Provided entries:
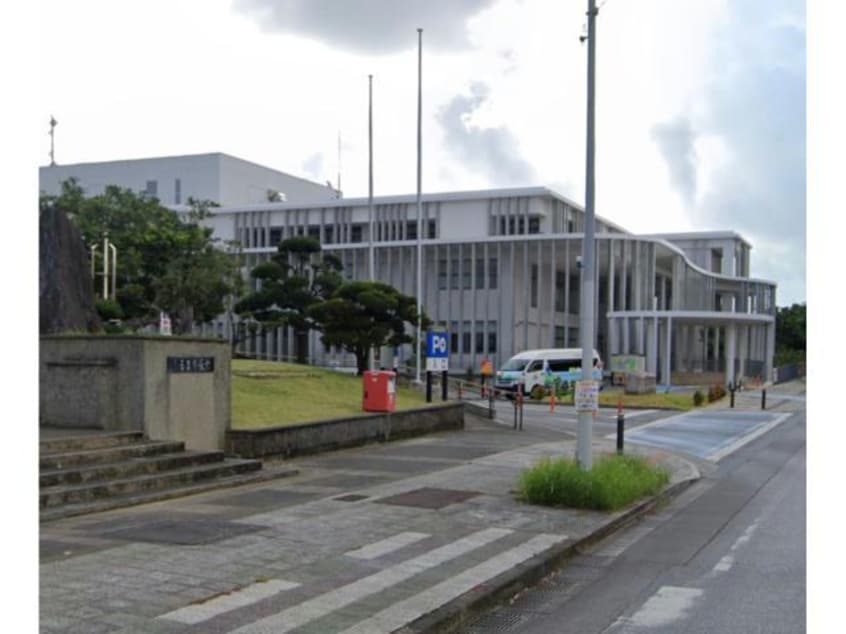 うるま市役所(役所)まで895m Stella court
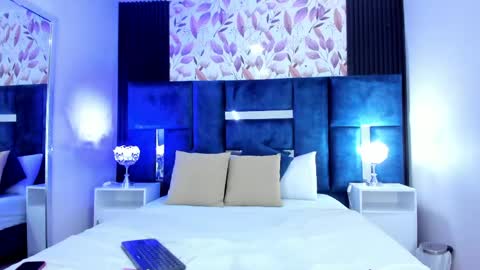 Ali Diaz online show from April 18, 7:58 pm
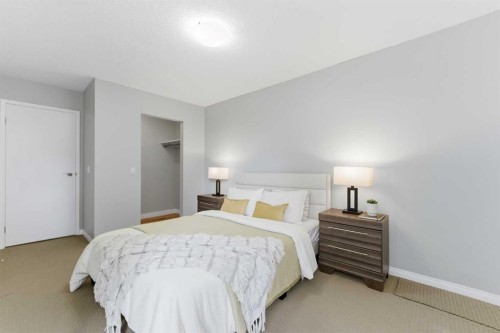 4-106 Grier Terrace Ne, Calgary, AB - Indoor Photo Showing Bedroom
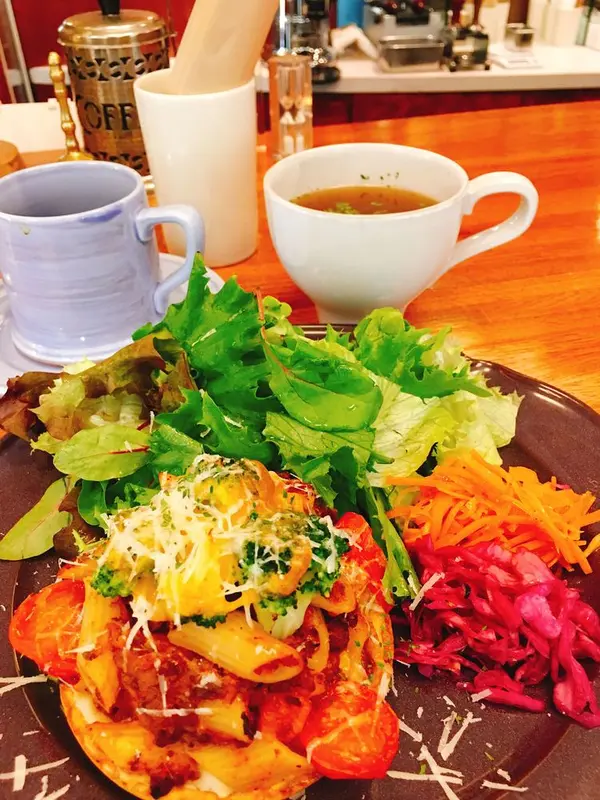 ゴロゴロ野菜とペンネのボロネーゼ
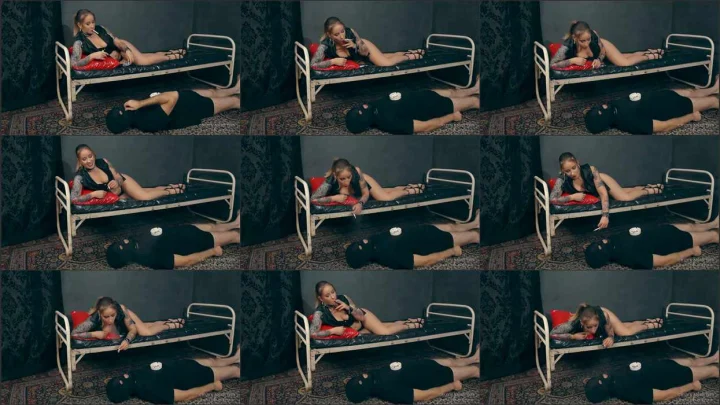 Screenshot 1 aus Human Ashtray, Try Not To Cough!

Work order: Reproduce each line above exactly, but not a single picture.

Solution for this problem:
 うるま市役所(役所)まで895m Stella court
 Ali Diaz online show from April 18, 7:58 pm
 4-106 Grier Terrace Ne, Calgary, AB - Indoor Photo Showing Bedroom
 ゴロゴロ野菜とペンネのボロネーゼ
 Screenshot 1 aus Human Ashtray, Try Not To Cough!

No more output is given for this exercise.